Czyli mówiąc wprost, Wiesław Wojtas ze Stalowej Woli, dawny opozycjonista „Solidarności”, a dzisiaj recydywista, aktualnie prawomocnie skazany na 4 lata więzienia (nie siedzi ze względu na… zły stan zdrowia, ale jest jednocześnie bardzo aktywny i widywany w owej aktywności) będzie walczył o sprawiedliwość w Warszawie, w Sądzie Najwyższym. Jego sprawa kasacyjna odbędzie się 15 grudnia.
Gwiazdy nie chodzą siedzieć…
Wiesław Wojtas, znany jako „legenda Solidarności” i przywódca strajku w Hucie Stalowa Wola, zwanego „gwoździem do trumny komunizmu”, od kilku lat ma spore problemy z prawem.
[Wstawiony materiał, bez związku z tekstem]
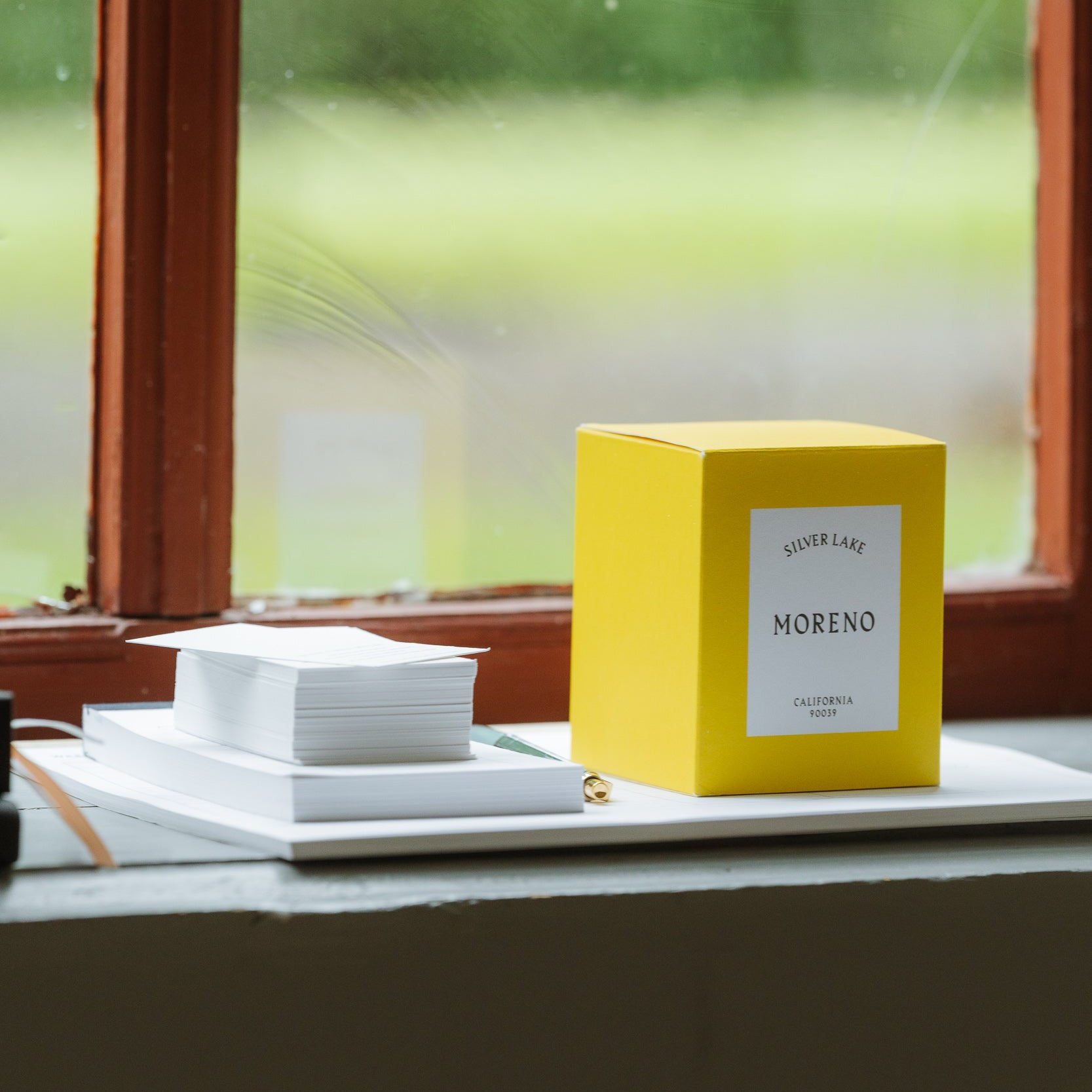 Yellow box labeled 'MORENO' on a surface with a window in the background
Czy pójdzie za przysłowiowe kratki? Niebawem dowiemy się co i jak, a jeśli SN mu nie pomoże, pierwsze odroczenie wykonalności kary ze względów zdrowotnych kończy mu się w marcu. Być może jednak lista chorób w marcu będzie równie istotna i jakowyś medyk znów się pod nią podpisze. Gwiazdy wszak nie często idą do wiezienia…
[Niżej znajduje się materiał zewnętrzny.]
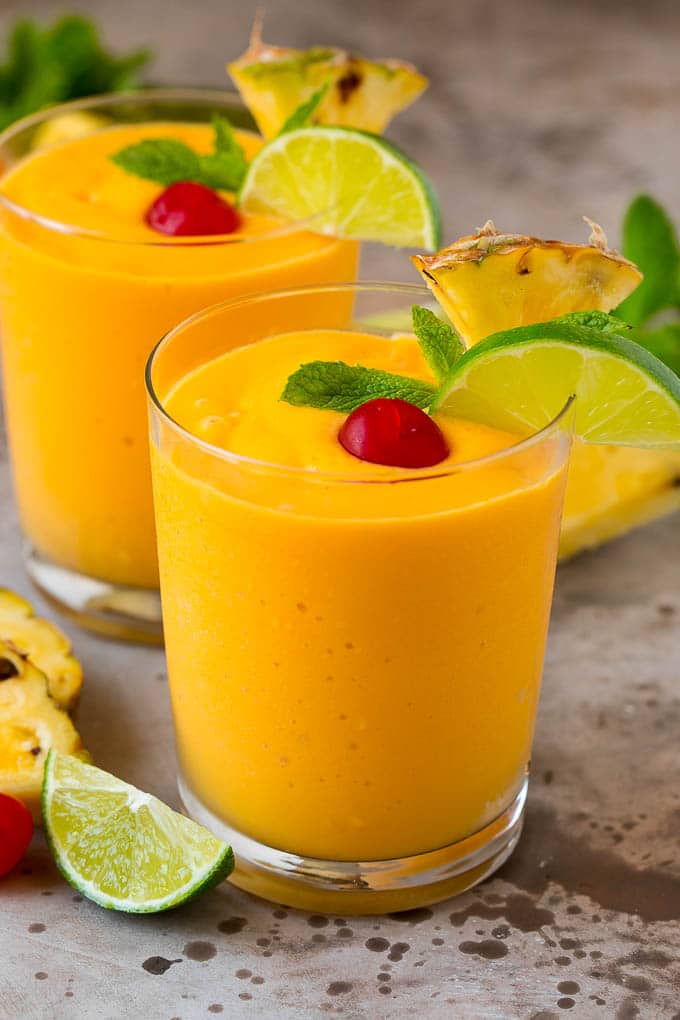 Tropical Smoothie Recipe | Mango Smoothie | Pineapple Smoothie #smoothie #mango #pineapple #banana #drink #bajap Two tropical smoothies with fresh mint, lime wedges and sliced pineapple.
Wojtas uważa się za ofiarę grupy przestępczej. Według jego własnej narracji, został oszukany przez wspólników, skrzywdzony przez sędziów i prokuraturę, którzy ewidentnie działali w zmowie i na jego niekorzyść, wyroki zaś zasądzono w oparciu o 43 spreparowane zarzuty. W najnowszym wywiadzie dla lokalnej „Sztafety” do Mordoru zaliczył też Policję. Sam, jak twierdzi, został wykorzystany i „podstępnie wprowadzony w błąd”. O zmowie i wszechobecnym spisku postanowił wypowiedzieć się w swoich odezwach do ludu, rozdawanych na największych lokalnych bazarach. Odezwy te trafiły najwidoczniej w niepowołane ręce, bowiem „legenda Solidarności” otrzymała niedawno wezwanie z Prokuratury Okręgowej w Leżajsku do stawienia się na komendzie policji w celu złożenia zeznań w sprawie o „zniesławienie urzędników państwowych”. Gwiazda „Solidarności” odmówiła jednak stawiennictwa na komendzie, motywując to troską o własne bezpieczeństwo. Męczący niepokój wywołał u skazanego fakt ukazania się w internecie informacji o śledztwie przed otrzymaniem przez niego zaproszenia na komendę. I chociaż wezwany został do złożenia zeznań w sprawie zniesławienia urzędników, twierdzi, iż zna doskonale źródło przecieku:
„Nie mam wątpliwości, że to Prokuratura Okręgowa w Tarnobrzegu odpowiada za ten przeciek”
– mówi Wojtas.
Czując się pokrzywdzonym od samego początku, Wiesław Wojtas pisał swoje skargi i zażalenia do różnych instytucji, były więc skargi do CBŚ, CBA, sądów i prokuratur najwyższego szczebla, do samego ministra sprawiedliwości – prokuratora generalnego. Okazały się jednak bezskuteczne. Jedynym, który ujął się za niegdysiejszym opozycjonistą, był lokalny poseł, wiceminister sprawiedliwości Marcin Warchoł. Jako wiceminister sprawiedliwości, zawierzył on wartości merytorycznej publikacji medialnych i pochylił się nad losem nękanego przez system opozycjonisty:
„Jak wynika z doniesień medialnych pan Wiesław Wojtas miał zostać pozbawiony majątku poprzez niezgodne z prawem działanie i wprowadzenie zainteresowanego w błąd, przez swego dawnego wspólnika, co miało wpływ na zapadłe nieprawidłowe orzeczenia sądowe”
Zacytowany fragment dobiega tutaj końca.